Yes one expects twists on Saturdays - but there's an artform to making them cleverly obscure rather than something you can only comfortably use in Esperanto

Anonymous 1:11 PM  

ALMOATA???!!

Z 1:24 PM  

ERIC CARLE - was my second sure entry, after PERCH. Off the C I got LOCKE even though it's been 30 years since I didn't read that book for a Poli Sci class. CARLE helped me avoid the STEamS problem, too.

In the NE BRACE, ISERE (now an automatic crossriver for me - I had it in lightly right away), ST. LO, and PERCH suggested CiRCLe-- for the revivial meeting, so CPR CLASS was a nice Aha moment. I too thought it was APERaTURE, which didn't help.

As with others, the NW killed me. Guessing quillPEn crossing neWNESS (DUCeT?) didn't help at all.

As for COCKAHOOP - my first thought was of painful body piercings.

Zed 1:27 PM  

Edam Cheese Ball

Smitty 1:56 PM  

@Zed - I. did. not. know. that.

Thanks!

retired_chemist 2:16 PM  

Nice writeup, PuzzleGirl!

Easy/medium here. LOCKE was a gimme, as was 39A NAIVETÉ. Oh, you had RAWNESS instead? Made it easier to solve the rest of the puzzle, but NAIVETÉ is IMO a better answer.

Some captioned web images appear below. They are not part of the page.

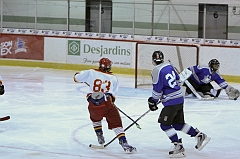 MidgetB10245
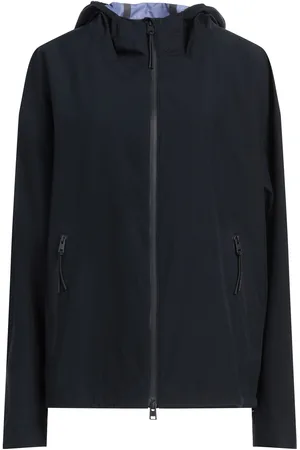 Woolrich CAPISPALLA Giacche & Giubbotti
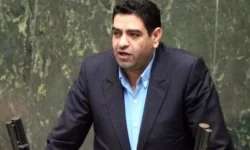 بیگدلی: افزایش قیمت ایران‌خودرو بدون هماهنگی با شورای رقابت انجام شده است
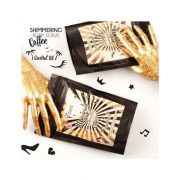 Svetlucavi piling za telo 7DAYS Miss Crazy Coffee 200g (1) Svetlucavi piling za telo 7DAYS Miss Crazy Coffee 200g (1)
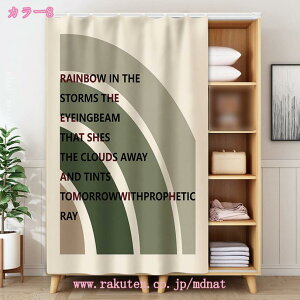 300~OFFN[| CeA J[e n ~j Pn I Lb`  Ԏd؂ ԑ iX [ J[{bNX ~jJ[e HI/CI hoJ[e hAJ[e 1 Ռ o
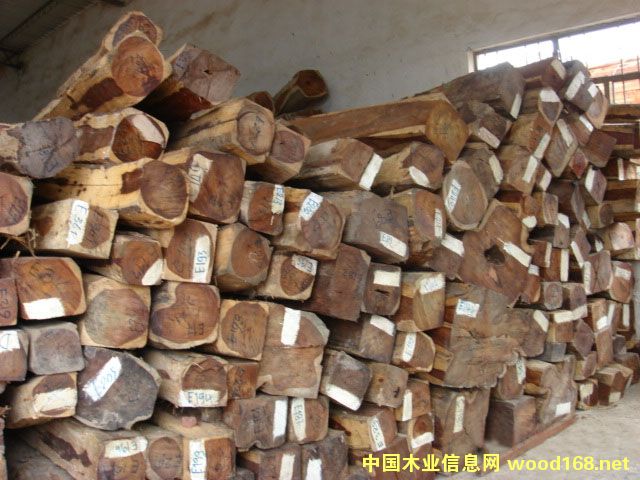 �ϓ뽻ֺ�S̴�M��؛Դ��Ϣ���Ϻ����M�����P����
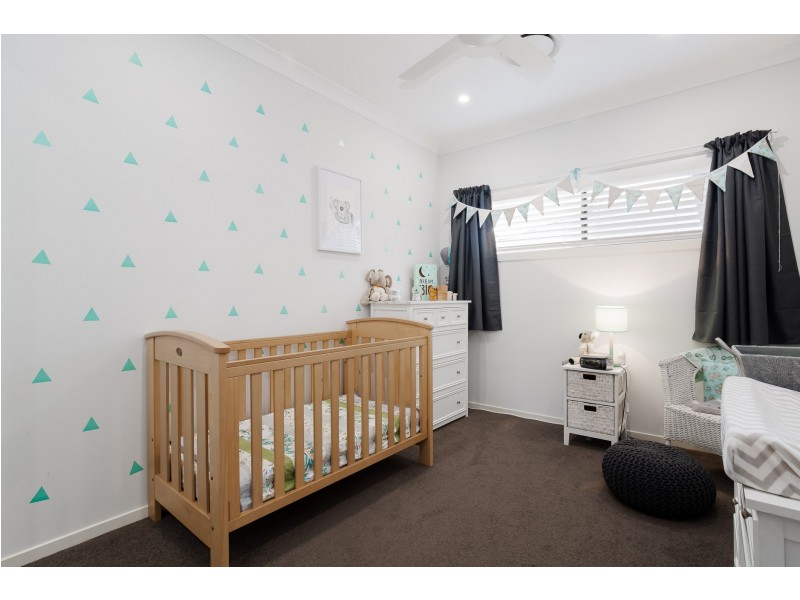 17 Kinnavane Road, North Rothbury NSW 2335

Other GIMMES: KONRAD, ESSEN, OH SUSANNA (from the line "I went to CAL-I-FOR-NI-AY with my banjo on my knee), and not much else. On the right track with ROOST for 21A, but not with STRAFED for 35A.

Hand up for SITZKRIEG and COCKAHOOP being WTFs. Had heard of Handy from my German friends,Ulrich.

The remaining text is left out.